99 Red Balloons: pop as a protest

Penny Brazier
3 min readMar 6, 2020


Nena’s 1983 smash hit 99 Red Balloons is a reliable staple of every 1980s compilation CD and the soundtrack to many a drunken wedding disco. Yet its catchy-like-a-cold hooks belie a more serious political message.

The song was inspired by a trip to a Rolling Stones concert in West Berlin, 1982. Nena’s guitarist Carlo Karges witnessed balloons (unspecified in number) being released as part of the performance. As they drifted over the stadium, they formed a UFO-like shape, making Karges wonder how they might be received if they happened to pass over the Berlin Wall into East Germany.

A seed was planted that became the song.

In the original German version, 99 Luftballons, describes pilots going to investigate a strange, shifting shape in the skies. Finding only balloons, they shoot them down in an overt display of power so as not to appear silly. This display of force throws surrounding nations into a panic, they fight back, and a cataclysmic and utterly pointless war ensues, with no winners: “99 Jahre Krieg ließen keinen Platz für Sieger.” All over a bunch of balloons.

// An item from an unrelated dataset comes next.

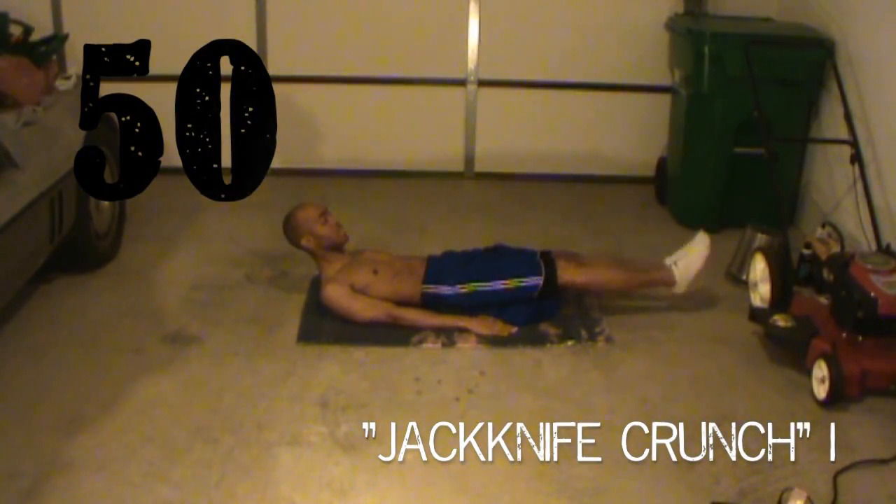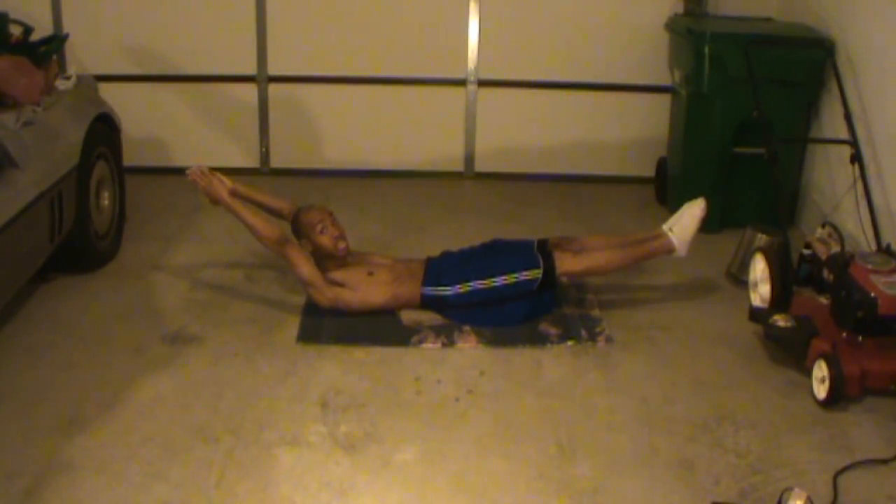Okay guys, this is the first one. When you know what a jackknife is, that's where you put your legs up like that — you kind of crunch and hold.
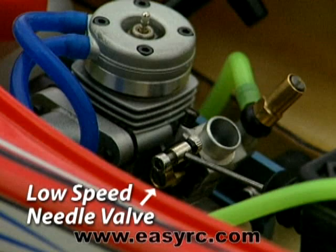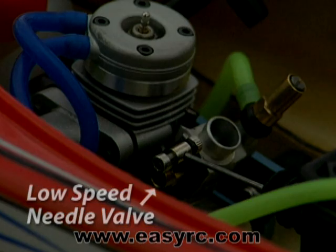The low speed needle arrives factory set and adjusts the fuel-air mixture at half throttle or less. In general, it determines how well the engine will idle. It may require adjustment; however, don't make any adjustments to the low speed needle until your engine is fully broken in.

The English version is slightly less subtle, with some of the nuances lost in translation. The band complained in interviews that the song was heavy-handed and didn’t work. As a result, Nena has never performed 99 Red Balloons live, despite it being the band’s biggest hit.

It’s claimed the band wanted it to be a pop song, not a protest song.

But I think the two things work pretty well together.

History has served us plenty of serious musicians singing about politics, but these days commercial pop has the potential to be the most powerful vehicle of all. In these times of diminishing attention spans, you’ve got to make it catchy.

Pair that with an increasing number of mainstream pop stars happy to throw their hat in the ring when it comes to politics, you’ve got a potent combination.

Here are some more contemporary pop hits with a serious message:

Formation — Beyoncé
In the lead single off Lemonade, Beyoncé takes a firm political stance. The video received criticism for being anti-police (it still won a Grammy).

Born This Way — Lady Gaga
The queen of the underdog, Gaga’s whole brand is built on accepting who you are. This pro-LGBTQ track screams self-acceptance from the rooftops. And is an absolute banger.

Where Is The Love? — Black Eyed Peas
Not being a pea-head myself, I only recently realised that this smooth chart-topping groover is about racism.

Q.U.E.E.N — Janelle Monáe
Creative tour-de-force Monáe wrote this song following a conversation with Erykah Badu about the treatment of marginalised people, particularly African American women.

Same Love — Macklemore & Ryan Lewis
Pop/hip-hop smash from 2012, and unoffical anthem of the same-sex marriage campaign in Washington at the same time. Macklemore wrote the song to critique hip-hop’s traditionally homophobic stance.

American Idiot — Green Day
Originally penned as a critique of George W. Bush in the wake of the 9.11 attacks, the song has seen a resurgence in popularity since Trump has been in office. Can’t think for a moment why.

In these uncertain times, there will be more like these coming down the line, I have no doubt. As western civilisation winds in ever-decreasing circles, under constant threat of vanishing up its own self-serving arsehole, is there anything left to do but sing and dance to a catchy song?

This post was written as part of the #write52 community writing project, a great thing, truly terrific, the absolute best.

I’m Penny, and I sometimes sing 99 Red Balloons in the covers band I’m in. I used to sing part of it in German, until there was a German person in the audience who told me I wasn’t making any sense.